Wednesday, January 13, 2010

Musical Interlude: Deep Forest

There was a lot of great pop music in the early 1990s. "Sweet Lullaby" by Deep Forest is definitely one of numerous high-points from back in the day:

I've had a fascination with electronic music for a long while - probably as long as I've been aware of music (meaning we have to go back to the 1970s). One form I came to really groove on was ambient music, when by a happy accident I heard some of Brian Eno's mid-1970s experimentation with the form on a late night radio talk show. Needless to say, throughout the mid-to-late1980s, I'd try to pick up as much vinyl (and later CDs) by Eno and his numerous collaborators as I could. Eno's 1978 album Music For Airports is arguably the classic in terms of early ambient, and is the ultimate in chillout music. Although the form sort of stagnated during much of the 1980s, a new generation of recording artists, as well as the occasional odd musicologist, were studying 1970s and early 1980s ambient and would bring the form back in a big way in the 1990s.

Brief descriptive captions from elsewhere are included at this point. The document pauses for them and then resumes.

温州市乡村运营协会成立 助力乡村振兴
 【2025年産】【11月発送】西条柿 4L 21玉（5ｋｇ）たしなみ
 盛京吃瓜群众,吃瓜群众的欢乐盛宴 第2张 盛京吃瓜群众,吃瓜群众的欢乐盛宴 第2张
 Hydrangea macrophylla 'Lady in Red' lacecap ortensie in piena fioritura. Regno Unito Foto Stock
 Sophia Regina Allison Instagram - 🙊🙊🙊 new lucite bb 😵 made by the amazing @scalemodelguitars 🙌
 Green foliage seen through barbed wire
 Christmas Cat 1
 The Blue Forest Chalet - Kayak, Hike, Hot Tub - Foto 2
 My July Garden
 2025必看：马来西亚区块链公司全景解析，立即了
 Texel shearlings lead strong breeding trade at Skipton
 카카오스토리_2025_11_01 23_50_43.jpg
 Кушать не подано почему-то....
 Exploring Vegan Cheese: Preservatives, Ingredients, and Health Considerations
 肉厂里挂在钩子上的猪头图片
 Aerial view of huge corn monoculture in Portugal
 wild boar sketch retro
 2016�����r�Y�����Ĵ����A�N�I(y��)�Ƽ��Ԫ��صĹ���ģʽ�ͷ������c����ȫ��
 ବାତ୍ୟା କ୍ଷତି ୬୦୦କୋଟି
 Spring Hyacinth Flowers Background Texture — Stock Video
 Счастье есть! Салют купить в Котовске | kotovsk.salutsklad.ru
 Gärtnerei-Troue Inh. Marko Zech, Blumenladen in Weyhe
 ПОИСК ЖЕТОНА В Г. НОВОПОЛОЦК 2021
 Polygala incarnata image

Deep Forest's eponymous first album deserves mention in this regard. In a way, it wasn't like what they were doing was entirely novel. The development of so-called "fourth world" music had already been pioneered by Eno, Jon Hassell, and to a degree David Byrne. Fourth world recordings from around 1980 fused found sounds (or what we'd now call samples), traditional instrumentation representing the entire globe, and electronic wizardry. When I listen to Deep Forest's work, I hear the influence of such seminal albums as Eno & Hassell's Fourth World: Possible Musics Vol. 1 and Eno & Byrne's My Life in the Bush of Ghosts. By the 1990s, Deep Forest would be updating the sound with digital synths, dance beats influenced by the numerous incarnations of house music, in addition to samples of traditional songs and chants of the Pygmies from field recordings. Like any good fourth world recording, there was just the right blend of ancient and contemporary, and a reverence for the cultures from whom the artists were borrowing. Deep Forest's tracks range from quite danceable (such as the title track) to ideal chillout music for tired ravers (such as "Sweet Lullaby"). The music holds up quite nicely roughly 17 years later.